This month I will complete my journey to being debt free. I cannot believe I'm here. I thought it would take me ten years to pay off Sallie, but the freedom is just around the corner. The reality sunk in last night when I was talking with my husband. In fact, I was almost giddy with excitement. Anyway, as I talked with Mr. J about the end of our journey, I came up with a top five list of lessons I've learned while becoming debt free. Here they are for you to peruse:
1. Contentment is everything. Before we got serious about becoming debt free, I complained about what I didn't have. The third month into the budget, I realized something very important: I have everything I need. What a novel concept! I have a home, I always have food, and I have clean running water. I know it sounds cliche to say that some people don't have these essentials, but the fact of the matter is that it's true. There are people all over the world who struggle to put food into their mouths everyday. The fact that I don't have a flat screen t.v. in my house pales in comparison to their lack of nutrition.
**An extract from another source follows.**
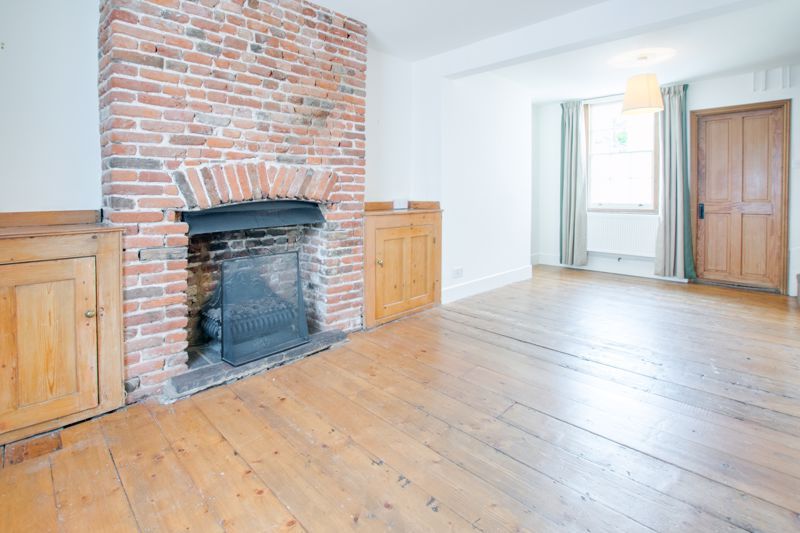 Property photo 3 of 11 Photo 2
2. Get busy living your life. The summer of 2009 was a big year for me. I graduated college. I moved back home. I got my first "real" job. I married my honey. Unfortunately, amidst all these wonderful things, I was feeling a little blue. I had no friends. All of my friends from college had gone home, and all of my friends from home had moved away. My husband was working night shift, so I was pretty lonely. I spent a lot of time watching movies, t.v., surfing the internet, and shopping for fun. I was replacing relationships with people by filling my time with escapist activities. The cold hard truth was that at the end of a t.v. episode, I was still alone. So I started inviting people from work out to coffee. I found a church and became involved. I started volunteering in the community. Now my life feels so full that I've had to start practicing the art of saying no. I'm living my life as opposed to escaping it.
3. Stuff is just stuff. Simple living seemed like such a weird concept to me. Why would I want to bake my own bread when I can buy fresh loaves at the store? Why would I want to do without when I can have more? Even though advertisements try to convince us otherwise, stuff can't make us happy. I realized this as I cleaned out my closet for a yard sale. I had more clothes than I could wear in a month, yet I always seemed to wear the same six or seven outfits even though I always complained about having nothing to wear! I simplified my life and cleared out the clutter. I've never felt more organized. I feel like I have power over my house now instead of my house always feeling like it is out of control.
4. Giving is receiving. Money is a piece of paper. I do not want a piece of paper to be the main focus of my life. In order to move away from the widely held belief that money is everything, I needed to start giving some away. I've been focusing lately on giving God my first fruits. Before now, I would give Him my leftovers. Think about that: God, who gave me everything, gets what is left over after I fulfill my every desire. How stinkin' selfish! I've also been trying to volunteer at least once a month. Lately I find working with my hands so gratifying. My new favorite place to volunteer is called the Christmas Store. The store provides low income families gifts for Christmas. I only spent an hour there, but I was so moved by the experience that I know I'll go back.
5. Prioritize your wants. I could probably make a list of all the things I'd like to have over the course of my life, but I have to start with one thing at a time. Instead of buying everything we want on credit, we will start saving in January for one purchase at a time. Once we've paid cash for that purchase, we can start in on something else. I have a limited amount of cash flow, and I've learned throughout this process that I have to pay attention to my outflow. After all, delayed gratification is so rewarding in the end.
So there you have it: five lessons I've learned while becoming DEBT FREE. Isn't it funny that only one is truly money related? This experience was so much more than just getting a handle on my finances. I thought I knew these lessons because I certainly heard my lips saying some of them out loud, but I didn't know squat. The path to becoming debt free has changed my whole perspective on life. What effect could becoming debt free have for you?